Tour-goers exploring a California native plant garden in south San Jose.
Every year I’ve been on the Going Native Garden Tour, I’ve explored the California native plant gardens of a different part of the South Bay. One year it was Santa Clara and Sunnyvale. Another year, the San Jose downtown core. This year I headed for Los Gatos and San Jose’s Camden and Cambrian areas.
In the Los Gatos hills (actually in Monte Sereno) I saw a grand, 1.7 acre garden, established for 12 years, where a hillside of poppies and blue-eyed grass frame a view across a small valley. Near downtown Los Gatos was a showpiece home garden by designer Alrie Middlebrook, as well as a community volunteer-planted garden at the Art Museum of Los Gatos, also designed by Middlebrook.
Both the Los Gatos garden and one I saw in central southern San Jose were planted on more modest lots.

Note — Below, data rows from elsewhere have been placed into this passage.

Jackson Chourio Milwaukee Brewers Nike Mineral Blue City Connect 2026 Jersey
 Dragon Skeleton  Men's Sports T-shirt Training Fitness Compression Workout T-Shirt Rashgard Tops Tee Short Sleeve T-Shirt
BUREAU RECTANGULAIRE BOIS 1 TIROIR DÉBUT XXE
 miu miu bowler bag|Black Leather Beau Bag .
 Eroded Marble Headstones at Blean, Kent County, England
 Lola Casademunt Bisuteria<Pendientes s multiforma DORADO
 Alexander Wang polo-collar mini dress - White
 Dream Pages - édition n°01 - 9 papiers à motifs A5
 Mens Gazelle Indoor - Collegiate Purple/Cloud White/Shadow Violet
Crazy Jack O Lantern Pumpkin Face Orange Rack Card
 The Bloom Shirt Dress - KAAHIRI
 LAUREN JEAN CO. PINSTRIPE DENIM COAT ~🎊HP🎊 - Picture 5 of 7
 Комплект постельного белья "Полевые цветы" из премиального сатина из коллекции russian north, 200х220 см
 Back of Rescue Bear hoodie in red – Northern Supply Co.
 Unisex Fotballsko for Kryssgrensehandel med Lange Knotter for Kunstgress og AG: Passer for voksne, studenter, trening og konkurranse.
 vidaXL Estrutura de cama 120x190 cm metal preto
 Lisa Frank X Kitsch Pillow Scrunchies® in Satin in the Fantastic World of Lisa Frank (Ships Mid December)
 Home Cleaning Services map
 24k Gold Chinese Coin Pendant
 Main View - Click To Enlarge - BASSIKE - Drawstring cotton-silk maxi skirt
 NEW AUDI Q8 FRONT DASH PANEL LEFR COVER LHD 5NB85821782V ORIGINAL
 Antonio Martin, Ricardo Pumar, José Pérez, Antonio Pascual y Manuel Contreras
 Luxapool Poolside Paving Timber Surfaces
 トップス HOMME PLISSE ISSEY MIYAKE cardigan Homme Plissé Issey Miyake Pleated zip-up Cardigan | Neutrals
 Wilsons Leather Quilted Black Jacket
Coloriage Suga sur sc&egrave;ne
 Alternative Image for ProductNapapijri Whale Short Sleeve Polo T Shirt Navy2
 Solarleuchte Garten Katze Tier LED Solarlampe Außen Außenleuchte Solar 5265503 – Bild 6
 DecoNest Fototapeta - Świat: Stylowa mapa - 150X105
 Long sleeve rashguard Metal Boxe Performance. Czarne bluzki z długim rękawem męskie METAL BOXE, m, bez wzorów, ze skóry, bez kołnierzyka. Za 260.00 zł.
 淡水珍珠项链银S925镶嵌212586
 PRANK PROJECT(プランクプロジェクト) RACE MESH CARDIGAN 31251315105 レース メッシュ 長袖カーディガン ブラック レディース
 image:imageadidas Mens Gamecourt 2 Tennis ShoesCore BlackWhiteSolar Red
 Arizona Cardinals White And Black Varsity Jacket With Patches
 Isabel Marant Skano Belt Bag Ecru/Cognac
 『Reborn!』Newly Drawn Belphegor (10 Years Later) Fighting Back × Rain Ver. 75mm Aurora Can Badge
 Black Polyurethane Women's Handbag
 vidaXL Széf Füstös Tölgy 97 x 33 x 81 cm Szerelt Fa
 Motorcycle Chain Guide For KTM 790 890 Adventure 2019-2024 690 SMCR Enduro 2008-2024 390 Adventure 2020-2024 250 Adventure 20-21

These gardens are on a scale that any homeowner could replicate, saving water and still presenting a beautiful front yard to the neighborhood.
Finally, along Capitancillos Drive in a south San Jose neighborhood, volunteers have planted over a half mile of parkstrip bordering the Capitancillos Meadow with a variety of California native plants, including ceanothus (California lilac), bush lupines, buckwheats, and more. This garden is completely unirrigated, but still makes an attractive and impressive border for the road edging this upscale neighborhood.
My discovery of the day was flannel bush (aka Fremontodendron), a striking tall shrub, with dramatic yellow flowers and dark green foliage. I saw this both at the Monte Sereno hillside garden and on Capitancillos Drive. I only wish I had enough room in my own garden to fit in one of these dramatic plants.
Flannel bush at the Capitancillos Drive parkstrip garden.